Example of cash refinancing
Let’s say your home was worth $500,000, and your current mortgage loan balance was $300,000.
The cash refinancing process may look like this:
- You have applied for a new mortgage loan. Since cash refinancing typically allows for up to 80% of the lifetime value, this means that you can apply for financing up to $400,000 ($500,000 x .80).
- You must submit the required financial documents. Lenders typically request bank statements, payment slips, tax returns, and W-2s, among other items.
- Rate your home. In most cases, the lender will want to check the value of your home with a new appraisal.
- You will close on the loanThe new loan will be used to pay off the old mortgage balance, leaving you with a $100,000 increase.
- You’ll get $100,000 in one go within a few days of closing.
What is a home equity loan?
A home equity loan is a type of second mortgage.

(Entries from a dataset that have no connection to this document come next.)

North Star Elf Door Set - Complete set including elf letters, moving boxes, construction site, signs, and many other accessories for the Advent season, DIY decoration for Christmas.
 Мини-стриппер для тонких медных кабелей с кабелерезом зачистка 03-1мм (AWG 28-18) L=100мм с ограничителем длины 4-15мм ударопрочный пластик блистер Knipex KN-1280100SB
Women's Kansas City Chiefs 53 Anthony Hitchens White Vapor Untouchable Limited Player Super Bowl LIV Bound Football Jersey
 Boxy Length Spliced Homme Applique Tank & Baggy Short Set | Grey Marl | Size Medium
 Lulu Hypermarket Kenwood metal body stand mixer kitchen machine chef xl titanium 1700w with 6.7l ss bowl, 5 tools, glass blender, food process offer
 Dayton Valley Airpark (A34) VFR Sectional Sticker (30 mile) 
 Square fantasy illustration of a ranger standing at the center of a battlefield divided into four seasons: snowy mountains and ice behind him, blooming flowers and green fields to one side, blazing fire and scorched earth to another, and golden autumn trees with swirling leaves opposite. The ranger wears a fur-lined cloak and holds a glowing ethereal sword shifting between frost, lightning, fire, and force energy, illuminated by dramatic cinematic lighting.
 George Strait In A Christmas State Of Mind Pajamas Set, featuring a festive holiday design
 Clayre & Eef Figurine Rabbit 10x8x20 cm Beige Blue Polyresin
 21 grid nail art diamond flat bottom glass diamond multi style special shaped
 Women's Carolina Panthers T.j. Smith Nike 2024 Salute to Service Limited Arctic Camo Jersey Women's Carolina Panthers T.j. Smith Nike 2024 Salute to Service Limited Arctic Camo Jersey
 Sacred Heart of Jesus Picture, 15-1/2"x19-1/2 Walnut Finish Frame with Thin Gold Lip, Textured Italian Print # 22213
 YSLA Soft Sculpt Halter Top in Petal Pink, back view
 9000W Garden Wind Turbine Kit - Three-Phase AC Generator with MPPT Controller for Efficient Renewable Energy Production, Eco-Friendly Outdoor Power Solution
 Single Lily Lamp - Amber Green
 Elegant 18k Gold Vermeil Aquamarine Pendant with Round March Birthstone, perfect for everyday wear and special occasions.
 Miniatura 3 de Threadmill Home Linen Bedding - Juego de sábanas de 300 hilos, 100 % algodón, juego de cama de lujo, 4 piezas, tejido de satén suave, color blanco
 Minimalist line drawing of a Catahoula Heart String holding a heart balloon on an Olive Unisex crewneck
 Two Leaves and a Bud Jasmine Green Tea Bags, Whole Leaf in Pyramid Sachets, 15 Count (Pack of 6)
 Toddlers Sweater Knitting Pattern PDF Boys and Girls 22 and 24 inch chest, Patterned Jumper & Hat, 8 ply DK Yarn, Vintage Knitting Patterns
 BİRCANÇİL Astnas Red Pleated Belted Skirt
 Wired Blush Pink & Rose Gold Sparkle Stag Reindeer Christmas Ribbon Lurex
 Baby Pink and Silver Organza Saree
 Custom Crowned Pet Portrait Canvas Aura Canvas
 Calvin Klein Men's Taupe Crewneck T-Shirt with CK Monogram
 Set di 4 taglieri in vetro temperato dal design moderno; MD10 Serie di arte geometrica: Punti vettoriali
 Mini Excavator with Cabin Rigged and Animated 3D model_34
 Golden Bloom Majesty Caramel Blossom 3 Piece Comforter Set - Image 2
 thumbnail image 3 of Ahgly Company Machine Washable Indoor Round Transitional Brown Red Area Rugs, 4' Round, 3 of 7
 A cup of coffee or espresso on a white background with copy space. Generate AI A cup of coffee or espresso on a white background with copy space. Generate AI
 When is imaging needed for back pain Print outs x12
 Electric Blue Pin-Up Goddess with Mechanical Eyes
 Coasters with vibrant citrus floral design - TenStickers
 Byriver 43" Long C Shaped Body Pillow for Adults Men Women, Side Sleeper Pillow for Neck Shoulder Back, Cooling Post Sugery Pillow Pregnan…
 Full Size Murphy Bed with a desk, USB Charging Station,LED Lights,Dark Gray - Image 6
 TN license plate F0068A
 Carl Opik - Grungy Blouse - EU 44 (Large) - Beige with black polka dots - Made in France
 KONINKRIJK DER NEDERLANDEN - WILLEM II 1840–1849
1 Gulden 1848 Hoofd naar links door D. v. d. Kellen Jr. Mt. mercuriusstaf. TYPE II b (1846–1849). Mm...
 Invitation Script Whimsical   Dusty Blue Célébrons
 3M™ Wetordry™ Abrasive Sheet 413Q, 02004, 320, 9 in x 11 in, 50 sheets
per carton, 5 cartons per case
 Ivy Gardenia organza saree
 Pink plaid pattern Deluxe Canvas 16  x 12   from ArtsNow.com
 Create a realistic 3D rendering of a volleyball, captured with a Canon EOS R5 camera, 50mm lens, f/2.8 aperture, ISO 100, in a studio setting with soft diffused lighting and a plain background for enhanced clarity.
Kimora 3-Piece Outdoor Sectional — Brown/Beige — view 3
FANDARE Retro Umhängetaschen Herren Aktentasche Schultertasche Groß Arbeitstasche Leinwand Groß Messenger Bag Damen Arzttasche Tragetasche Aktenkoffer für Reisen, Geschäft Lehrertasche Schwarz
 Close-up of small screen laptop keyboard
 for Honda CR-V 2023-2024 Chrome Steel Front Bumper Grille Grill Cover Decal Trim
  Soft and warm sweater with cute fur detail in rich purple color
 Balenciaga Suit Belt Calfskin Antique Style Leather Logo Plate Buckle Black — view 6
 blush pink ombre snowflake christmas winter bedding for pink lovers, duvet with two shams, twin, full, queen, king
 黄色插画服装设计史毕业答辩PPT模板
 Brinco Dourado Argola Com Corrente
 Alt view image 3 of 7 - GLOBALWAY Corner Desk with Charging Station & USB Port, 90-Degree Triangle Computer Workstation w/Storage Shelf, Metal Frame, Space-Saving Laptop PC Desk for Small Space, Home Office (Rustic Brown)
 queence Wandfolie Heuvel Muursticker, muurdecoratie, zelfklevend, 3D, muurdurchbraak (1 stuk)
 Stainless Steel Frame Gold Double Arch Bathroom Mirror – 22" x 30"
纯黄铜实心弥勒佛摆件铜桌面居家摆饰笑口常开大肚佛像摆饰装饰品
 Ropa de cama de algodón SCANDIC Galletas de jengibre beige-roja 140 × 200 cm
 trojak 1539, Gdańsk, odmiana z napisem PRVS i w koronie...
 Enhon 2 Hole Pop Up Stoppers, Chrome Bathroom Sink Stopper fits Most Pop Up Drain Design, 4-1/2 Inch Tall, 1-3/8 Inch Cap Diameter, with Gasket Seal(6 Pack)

Unlike cash refinancing, it does not replace your existing mortgage loan. Instead, it’s a loan in addition to the original mortgage – which means you’ll have two monthly payments.
Home purchase loans usually come with fixed interest rates and terms ranging from five to 30 years. These loans also come with closing costs, although they are usually lower than what you’ll see in a cash refinancing. Some lenders will cover it all. In most cases, home equity loans give you access to up to 80% of the value of your home — via both a home equity loan and your primary mortgage. Some lenders may have limits as high as 90% for some borrowers.
The main disadvantage of a home equity loan is that it comes with a second monthly payment. Prices can also be higher, and interest costs may not be tax deductible. With mortgages, you can only deduct interest if you use the money to “buy, build, or significantly improve” your home. Until then, you’ll need to itemize your returns to take this discount.
On the plus side, home equity loans allow you to keep the terms of your original mortgage, which may be fine if you’re too far from your amortization schedule when more of your payments are directed toward your principal balance rather than toward interest. It’s also smart if interest rates on traditional mortgages are going up, and you don’t want to lose the low rate you already have.
“For homeowners whose base mortgage rate is lower than current market rates, a home equity loan is likely to be the best option,” says Nicole Straub, senior vice president and president of Discover Home Loans. “By choosing this option, it allows them to maintain the low rate they have while also allowing them to benefit from the equity they own in their homes.”
Example of a loan to buy a house
Let’s say your home is worth $500,000. Since home equity loans typically allow for loan-to-value ratios of 80%, you can access up to $400,000 via both a principal mortgage and a new home equity loan. If your current mortgage balance is $350,000, for example, a home equity loan should offer you up to $50,000 cash advance ($400,000 – $350,000).
To get your home equity loan, you need to apply to your chosen lender, submit documentation, and have your home appraised. Once you’ve paid the closing costs and signed the paperwork, you’ll receive a lump sum payment a few days later. You will then start making monthly payments on your home equity loan starting the following month.
put everything together
Both home purchase loans and cash refinancing can help you turn your equity into cash. But the best option depends on your unique budget, the terms of the original mortgage, and your long-term plans as a homeowner.
Either way, home buying loans and cash refinancing are more likely to save you money than other financial products you might consider.
“Both home purchase loans and cash refinancing are types of secured debt with an average interest rate typically lower than you’ll find with other types of unsecured debt—such as credit card or personal loans,” Straub says.
If you are not sure which product is right for your situation, reach out to your mortgage broker or financial advisor for assistance. You can also ask lenders to submit quotes for both products and compare the two options side by side.